We agree that the case at bar differs from previous cases construing the constitutional mandate of article IX, section 7, since the sums here were voluntarily paid upon citations for violations. However, defendant’s reading of the language used by the Henderson Court to differentiate “fines” from “penalties” is unduly restrictive. The heart of that court’s distinction lies not in whether the monies are denominated “fines” or “penalties.” Indeed, we have often stated that the label attached to the money does not control. State v. Rumfelt, 241 N.C. 375, 85 S.E. 2d 398 (1955); School Directors v. City of Asheville, 128 N.C. 249, 38 S.E. 874 (1901). Neither does the heart of the distinction rest in whether there has been an actual criminal prosecution resulting in a “sentence pronounced by the court.” Board of Education v. Henderson, 126 N.C. at 691, 36 S.E. at 159. The crux of the distinction lies in the nature of the offense committed, and not in the method employed by the municipality to collect fines for commission of the offense. A “fine” is a “sum of money exacted of a person guilty of a misdemeanor, or a crime.” State v. Addington, 143 N.C. 683, 686, 57 S.E. 398, 399 (1907); State v. Rumfelt, supra. The constitution mandates that “all fines collected in the several counties for any breach of the penal laws of the State” be appropriated to the school fund. The inquiry addressed by the Henderson Court, then, was whether the monies in dispute were collected for violations of the criminal laws of the State or for violations of city ordinances. The Court determined that, since G.S. 14-4 *345makes violations of city ordinances misdemeanors, the sums in question were collected for breach of the State’s penal laws.
We hold that the same result must ensue here. The Ashe-ville Code makes it unlawful to park overtime. G.S. 14-4 specifically makes criminal the violation of a city ordinance, unless “the council shall provide otherwise” pursuant to G.S. 160A-175(b). Thus, where, as here, the ordinances do not provide otherwise, a person who violates the overtime parking ordinance also breaches the penal law of the State. See State v. Barrett, supra. Consequently, fines collected for overtime parking constitute fines collected for a breach of the penal laws of the State. We, therefore, hold that the clear proceeds of all penalties, forfeitures and fines collected for breaches of the ordinances in question remain in Buncombe County and be used exclusively for the maintenance of free public schools.

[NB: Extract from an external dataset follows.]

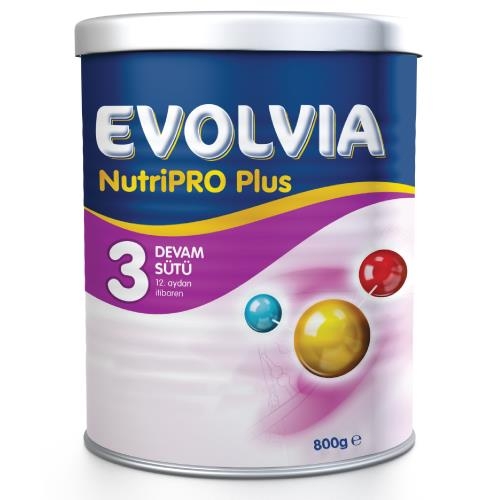 Evolvia NutriPRO Devam Sütü No:3 800 g - EVOLVİA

We note that the trial judge here ordered “that the Board of Education of the County of Buncombe have and recover of the Defendant City of Asheville an amount equal to the clear proceeds of all penalties, forfeitures, or fines collected for the violation of the parking ordinances.” [Emphasis added.] This was error. The correct procedure requires that the clear proceeds of the monies collected by the City shall be paid to the Buncombe County finance officer who shall disburse those funds in the same manner as is provided for the disbursement of penalties, fines and forfeitures collected for other breaches of the penal laws of the State. Upon receipt of these monies, the finance officer of Buncombe County must “forthwith determine what portion of the total is due to each administrative unit in the county and remit the appropriate portion of the amount to the finance officer of each administrative unit.” G.S. 115-100.35. [Emphasis added.]
The portion of the Court of Appeals decision affirming that part of Judge Bruce’s judgment which adjudged that only the Board of Education of the County of Buncombe should have the right to recover “the clear proceeds of all penalties, forfeitures or fines collected for the violation of the parking ordinances” is reversed; in all other respects, the decision is affirmed. This cause is remanded to the Court of Appeals for further remand to the Superior Court of Buncombe County for entry of judgment consistent with this opinion.
*346Reversed in part; Affirmed in part and Remanded.
Justice Brock did not participate in the consideration or decision of this case.